## [What to do]
From the first line to the last, copy the listing exactly and omit the pictures.

## [Data segment]

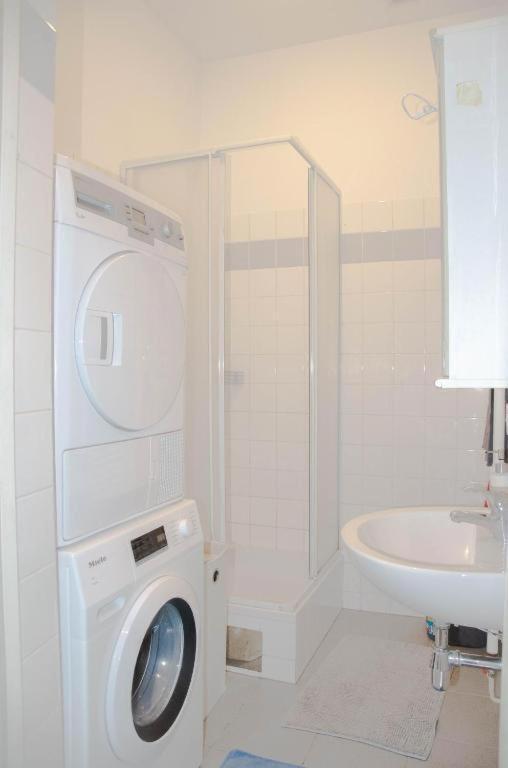 Wonderful Two Bedroom Apartment Виена Екстериор снимка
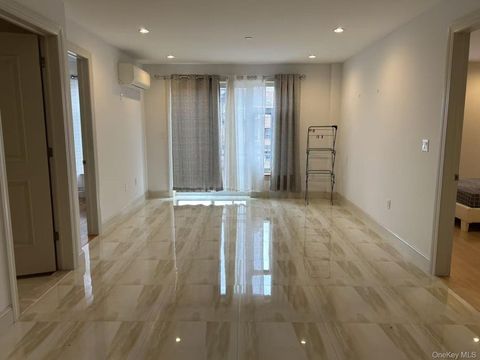 Photo of 6538 Austin Street #6F, Rego Park, NY 11374 (MLS # 932976)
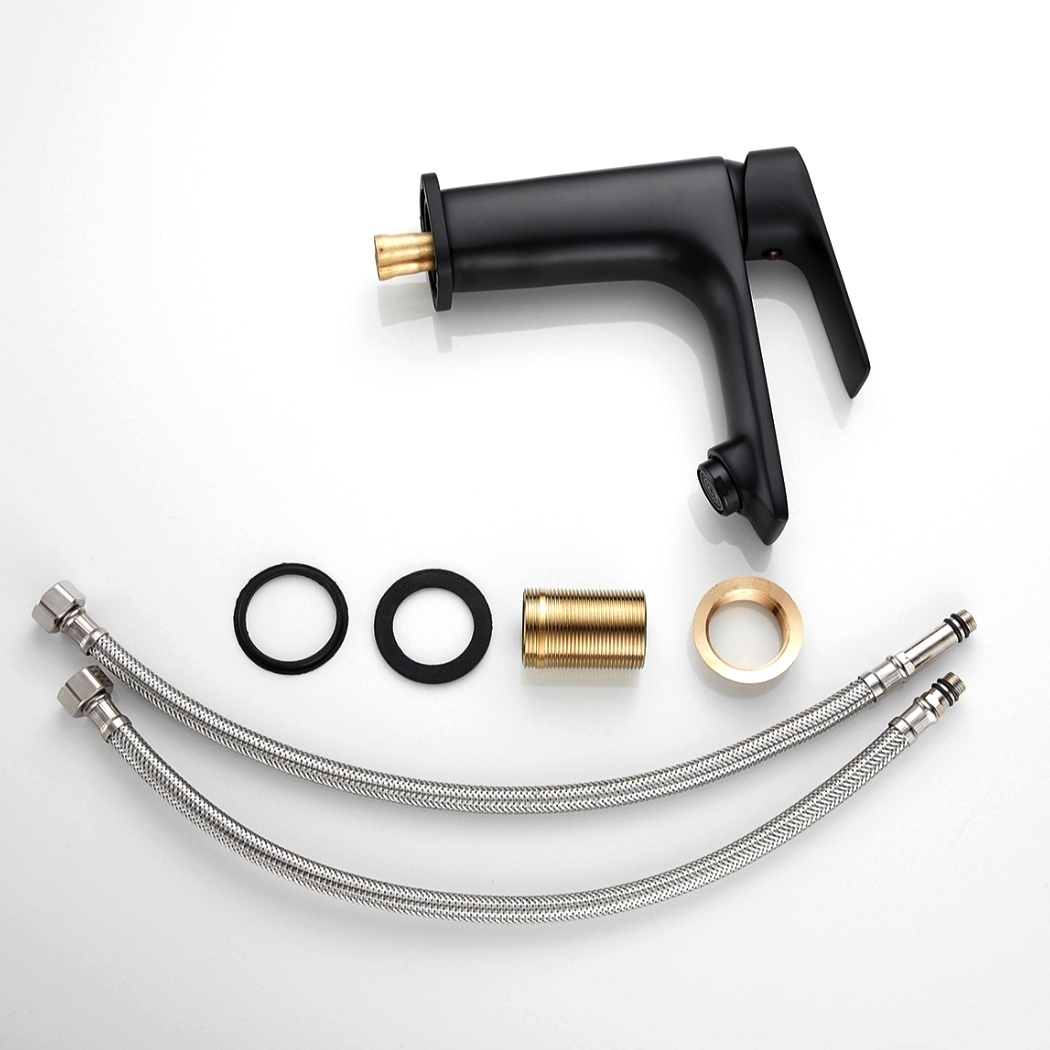 روشویی با تمام متعلقاتش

## [Your solution]
 Wonderful Two Bedroom Apartment Виена Екстериор снимка
 Photo of 6538 Austin Street #6F, Rego Park, NY 11374 (MLS # 932976)
 روشویی با تمام متعلقاتش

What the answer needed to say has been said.